Segment Start: INFORMATION PROVIDED
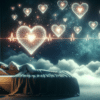 Unlocking Sleep Secrets: Heart Data’s Revolutionary Role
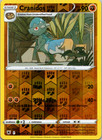 Cranidos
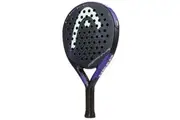 Head Zephyr 2022 Padel Lightweight Racquet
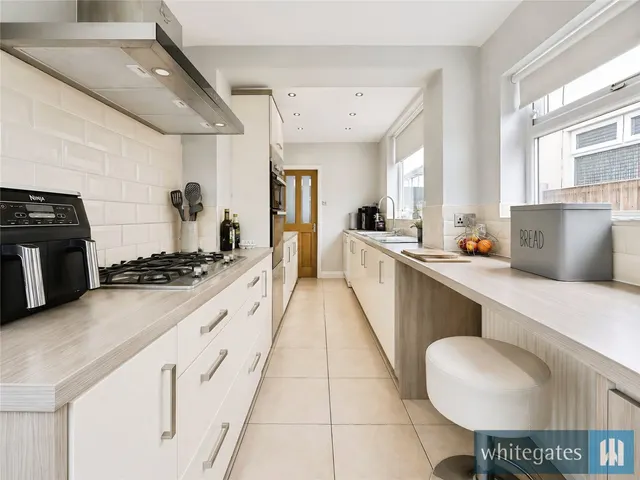 Newlyn Avenue, Litherland, L21, photo 3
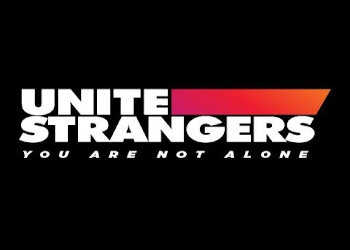 Unite-strangers-Travel-agents-Vasundhara-ghaziabad-Uttar-pradesh-1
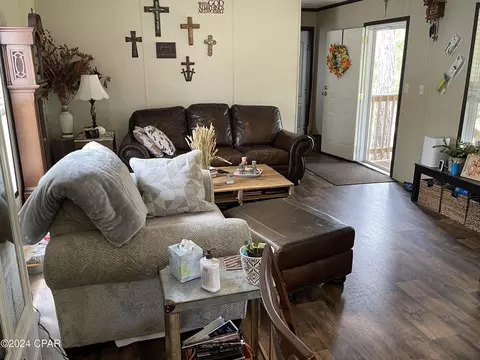 2437 Gilberts Mill Rd, Chipley, FL 32428 photo 15
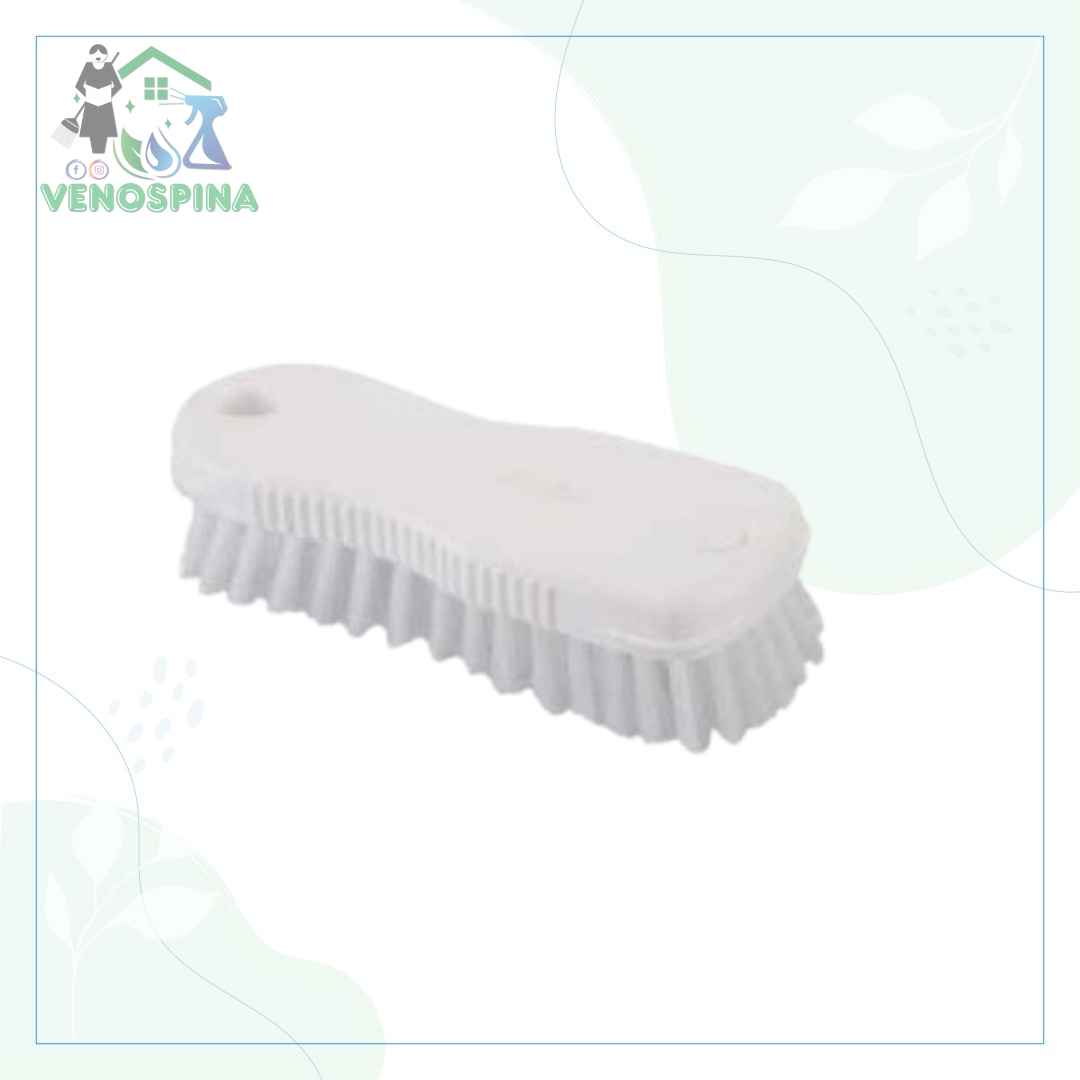 CEPILLO DE MANO 388 PINTO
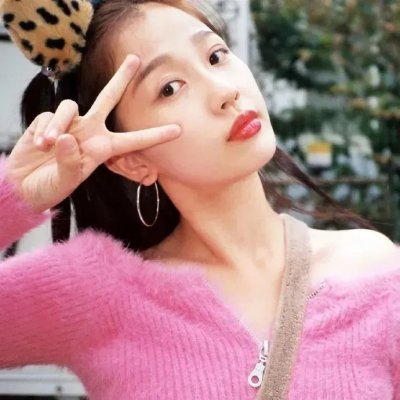黑暗处海报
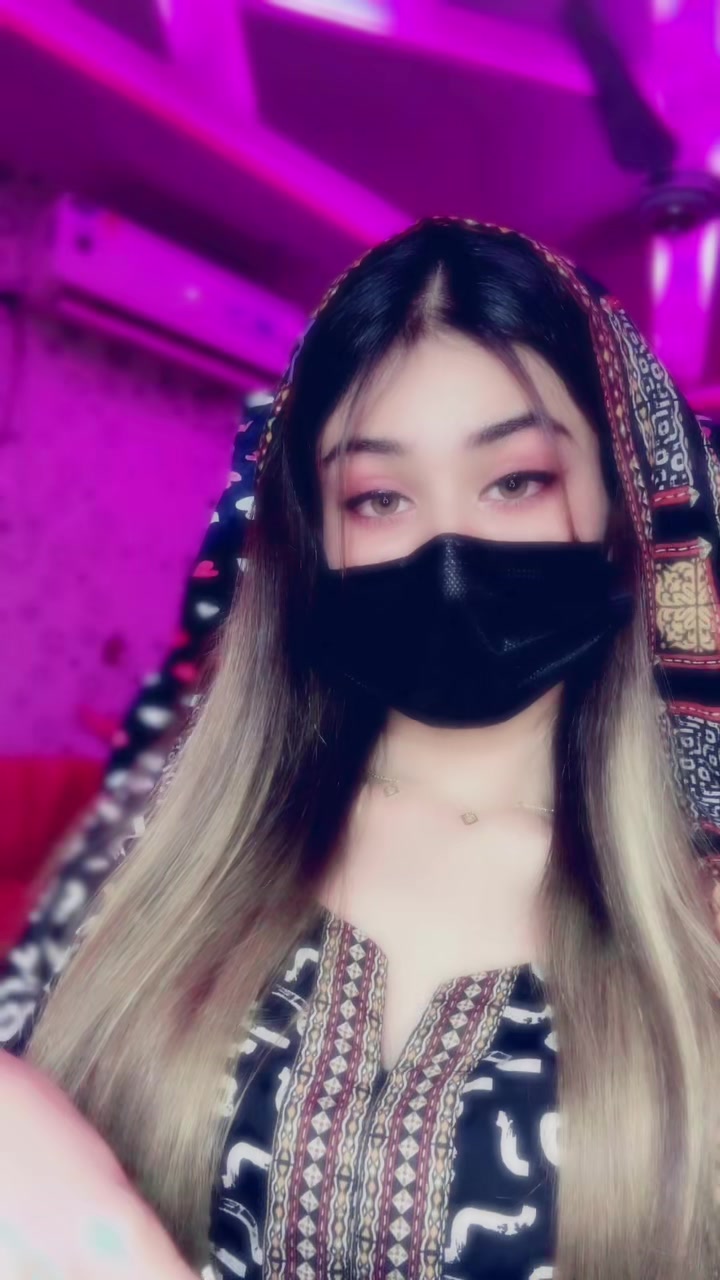 @๐๐๐๐ ๐๐๐๐๐๐๐ง๐ปโ๏ธ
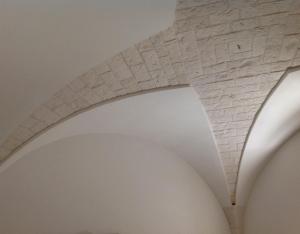 Foto de la galeria de B&B Via dei Trulli a Cisternino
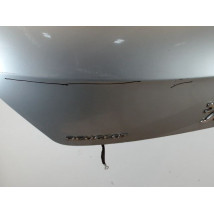 HAYON PEUGEOT 308 1 PHASE 1 1.6 HDI - 16V TU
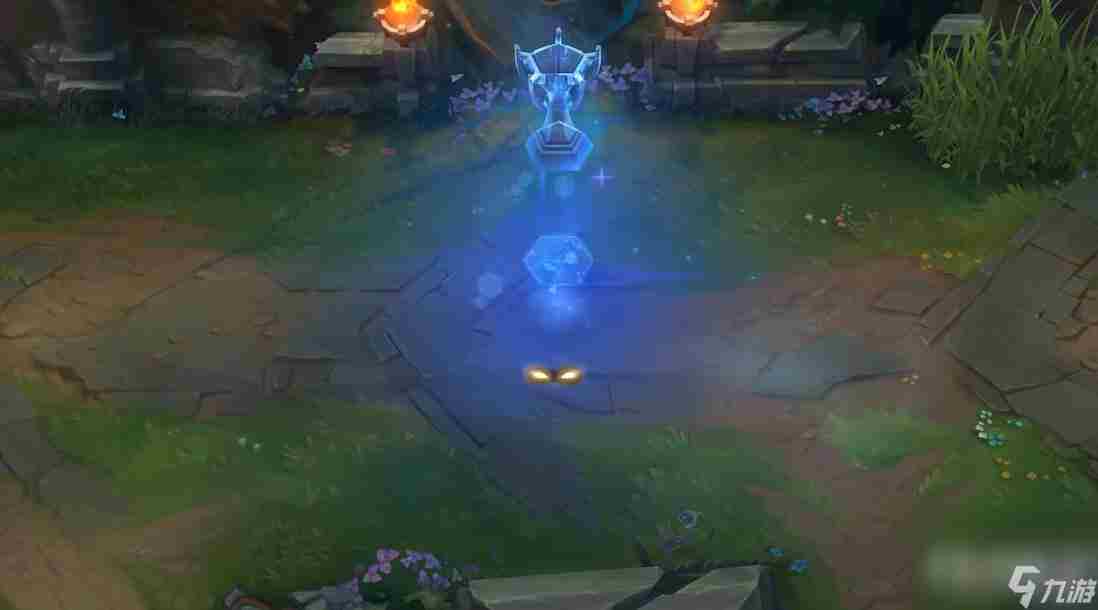 英雄联盟DRX艾希特效展示 lol皮肤稀有度一览表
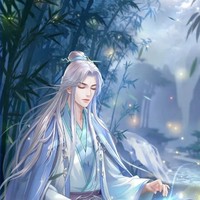 禾羨小盆友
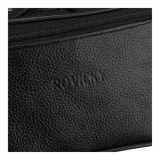 rovicky309200-marka-rovicky-kod-producenta-rovicky309200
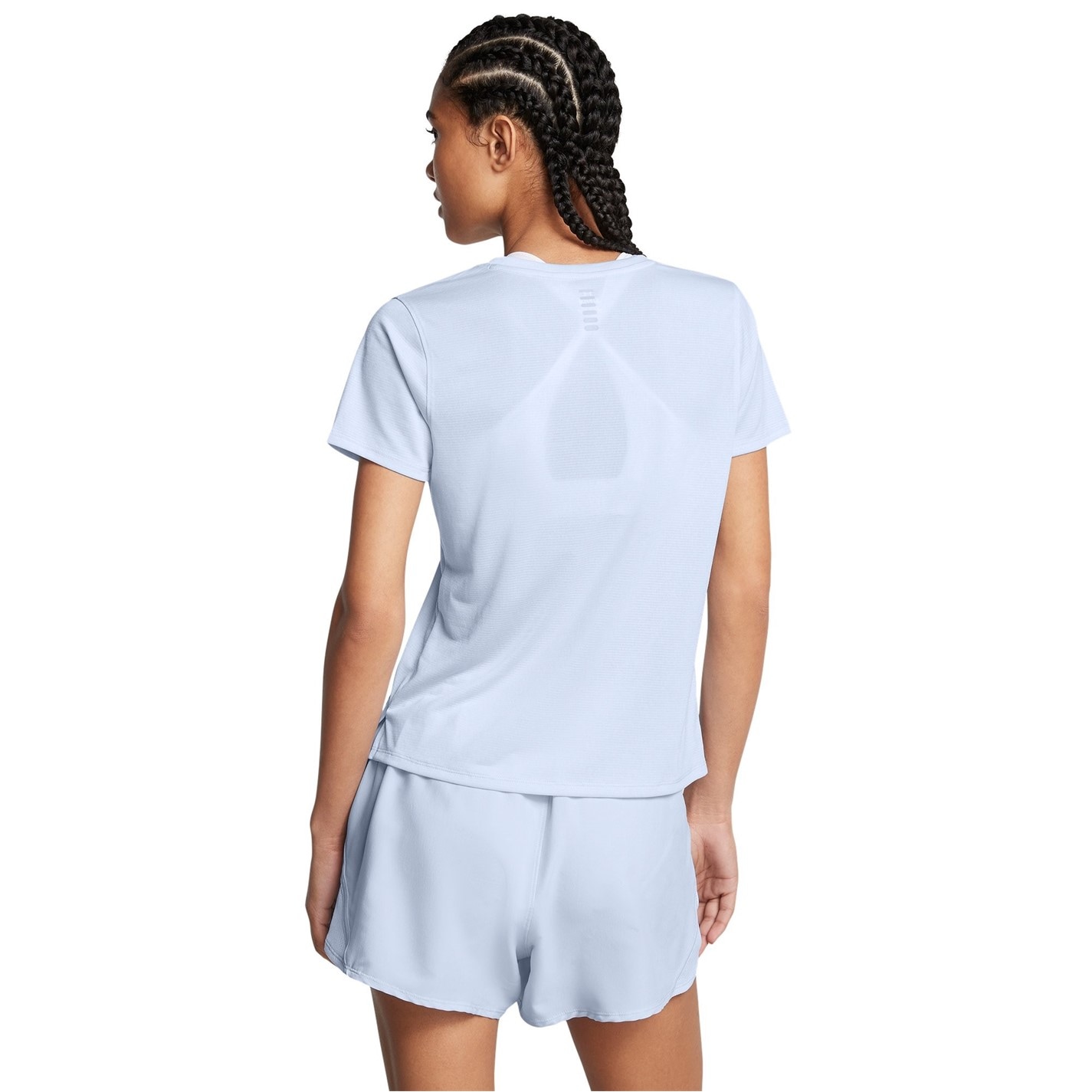 Under Armour Armour UA Launch Elite Short Sleeve Women's - 3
Segment End: INFORMATION PROVIDED
**TASK TO COMPLETE:** Please restate, word for word, the lines from the one with "HAYON PEUGEOT 308 1 PHASE 1 1.6 HDI - 16V TU" through the final line of the material, both included, and omit the pictures.

**TASK OUTPUT:**
 HAYON PEUGEOT 308 1 PHASE 1 1.6 HDI - 16V TU
 英雄联盟DRX艾希特效展示 lol皮肤稀有度一览表
 禾羨小盆友
 rovicky309200-marka-rovicky-kod-producenta-rovicky309200
 Under Armour Armour UA Launch Elite Short Sleeve Women's - 3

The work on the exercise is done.